Reputation: 8774
I am looking to read data from multiple tables (different database tables) and aggregate and create final result set. In my case, each query will return the List of object. I went through web many times, I found no link other than - Spring Batch How to read multiple table (queries) as Reader and write it as flat file write, but it returns only single object.
Is there any way if we can do this ? Any working sample example would help a lot.
Example -
Now I want to build Employee and Department relationship and send final object to processor to further lookup against MongoDB and send the final object to reader.
Upvotes: 2
Views: 5081
Reputation: 81
@jeff-cook There are a few things that you can use together to achieve what you want. I have not tried these but you can certainly try and let stackoverflow know if it worked. Though, I came across this very late, but if you still have this requirement, this might help.

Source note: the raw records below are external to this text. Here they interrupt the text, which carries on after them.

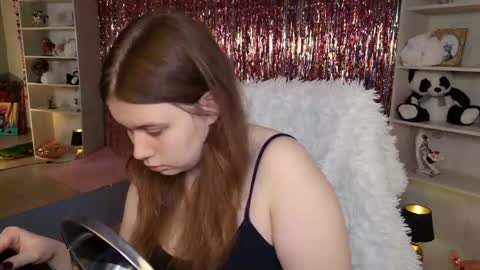 fiora online show from 04-17-26, 05:21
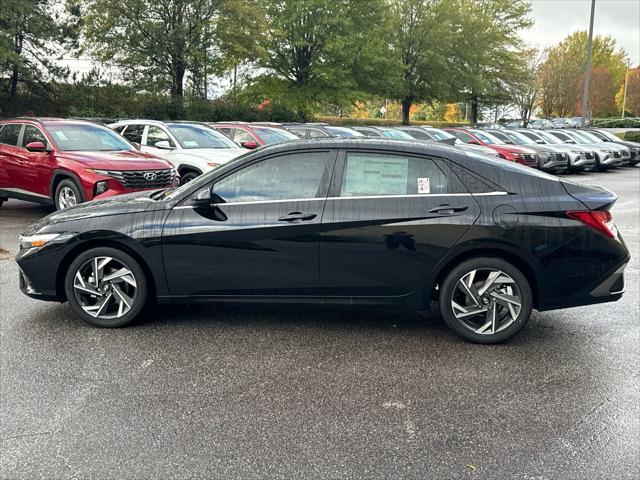 new 2025 Hyundai Elantra car, priced at $25,653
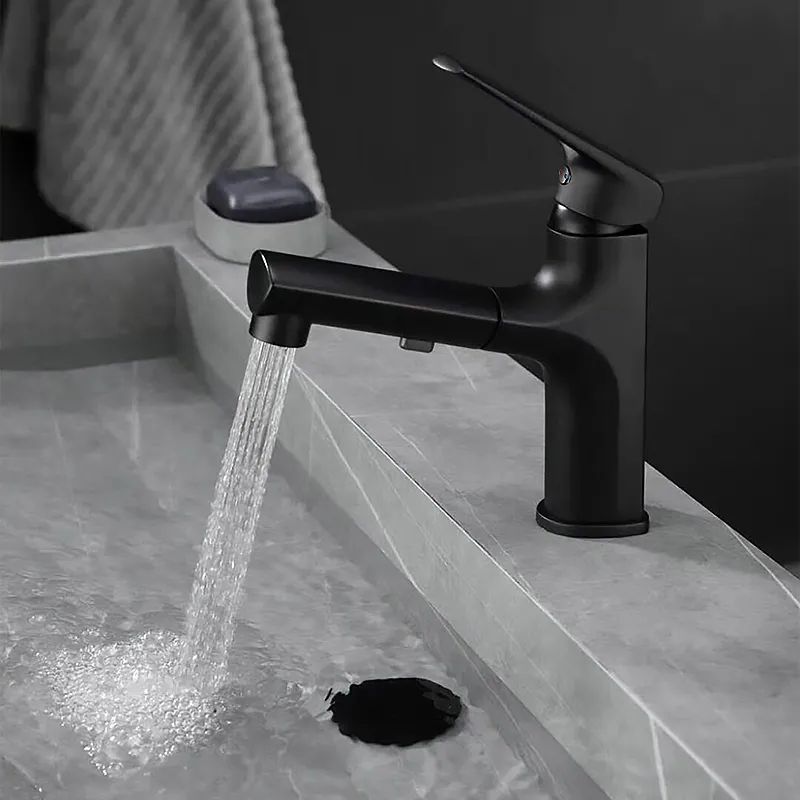Moderner ausziehbarer Einhebel Badewasserhahn für Badewannen. Stilvolle Badezimmerarmatur mit flexiblem Auslauf.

Note: Because of the way spring batch works, this will NOT give a list but each individual row would get combined into a relationship. By default, this will get passed to processor where you can get further details per row. When all the items of a chunk have been processed, that's when you would have a list available in the writer. The writer can then write it the way you want.
Just like in point 1. above, you can actually also fetch the details from mongo with its own row mapper. Then combine all three into one relationship in the DefaultUnifyingStringItemsMapper. This can then be written as you want after being processed.
In both approaches above, you will need to create and assign different DataSource objects for each type of DB that you want to read from and assign to respective reader. Note that if you are specifically assigning a transaction manager to the step, the datasource passed to it should be the same instance that you passed to writer else you will see data integrity issues in case of rollbacks. This is how spring batch works, it has nothing to do with above approach.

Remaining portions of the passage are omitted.